Instructions: Answer all questions. Each question carries equal marks.


Basic Concepts

1. What is Delta Modulation (DM)?
A form of analog-to-digital conversion that encodes the difference (delta) between consecutive samples using 1-bit quantization.
2. What is the key difference between DM and PCM?
PCM encodes absolute sample values, while DM encodes the difference between consecutive samples.
3. What is the bit rate of a DM system with a sampling rate of 32 kHz?
32 kbps (since DM uses 1 bit per sample).
4. What is the main advantage of DM over PCM?
Simpler implementation and lower bit rate (1-bit quantization).
5. What is the main disadvantage of DM?
Slope overload distortion when the input signal changes too rapidly.
6. What is the function of the integrator in a DM system?
Reconstructs the staircase approximation of the input signal.
7. What is the step size (Δ) in DM?
The fixed quantization interval used to approximate signal differences.
8. What happens if the step size is too small in DM?
Granular noise occurs due to small signal variations not being captured.
9. What happens if the step size is too large in DM?
Slope overload distortion occurs because the signal changes too fast.
10. What is Adaptive Delta Modulation (ADM)?
A variant of DM where the step size (Δ) adjusts dynamically based on signal slope.

Mathematical Analysis

11. Write the DM encoding rule mathematically.
b[n] = \begin{cases} +1 & \text{if } x[n] > \hat{x}[n-1] \\ -1 & \text{if } x[n] < \hat{x}[n-1] \end{cases}
12. What is the condition to avoid slope overload in DM?
Δ / T_s ≥ max |dx(t)/dt|

where Δ = step size, T_s = sampling interval.

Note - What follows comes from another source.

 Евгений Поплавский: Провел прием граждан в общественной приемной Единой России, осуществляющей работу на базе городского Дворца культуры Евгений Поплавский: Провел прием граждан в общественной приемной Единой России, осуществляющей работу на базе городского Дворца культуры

13. Calculate the maximum input frequency a DM system can track without slope overload if Δ = 0.1V and f_s = 8 kHz.
f_{max} = Δ f_s / (2π A)

Assuming A = amplitude of a sinusoidal input, exact value depends on signal shape.

14. What is the SNR for DM under granular noise conditions?
SNR ≈ 6.02n + 1.76 dB (similar to PCM but with higher quantization noise)
15. How does Adaptive DM (ADM) improve performance?
By dynamically adjusting step size (Δ) to reduce slope overload and granular noise.
16. What is the main difference between DM and DPCM?
DPCM uses multi-bit quantization of prediction error, while DM uses 1-bit.
17. What is the role of the comparator in a DM encoder?
Compares input signal with the predicted (staircase) signal to generate +1/-1 output.
18. How does oversampling affect DM performance?
Reduces slope overload by allowing faster tracking of signal changes.

Applications & Comparisons

19. Where is Delta Modulation commonly used?
Voice coding (military comms, early digital telephony), simple ADC systems.
20. Why is DM not used for high-fidelity audio?
High quantization noise and distortion make it unsuitable for high-quality signals.
21. Compare DM and PCM in terms of bit rate.
DM uses 1 bit/sample, PCM uses 8-16 bits/sample → DM has lower bit rate.
22. What is Continuously Variable Slope Delta Modulation (CVSD)?
An ADM variant where step size varies continuously to reduce distortion.
23. What is the main advantage of ADM over DM?
Better dynamic range and reduced slope overload.
24. Why is DM rarely used in modern systems?
Modern PCM, DPCM, and ADPCM offer better quality and efficiency.
25. How does DM perform in noisy channels?
Poorly, because bit errors cause large staircase approximation errors.
26. What is the main trade-off in choosing step size (Δ)?
Small Δ → granular noise, large Δ → slope overload.

Advanced Topics

27. How does Differential PCM (DPCM) improve upon DM?
Uses multi-bit quantization of prediction error, reducing noise.
28. What is Sigma-Delta Modulation (ΣΔ)?
A high-resolution ADC technique using noise shaping and oversampling.
29. Why is ΣΔ modulation preferred over DM in modern ADCs?
Higher resolution, better noise shaping, and no slope overload.
30. What is the key idea behind noise shaping in ΣΔ modulators?
Pushing quantization noise to higher frequencies, which can be filtered out.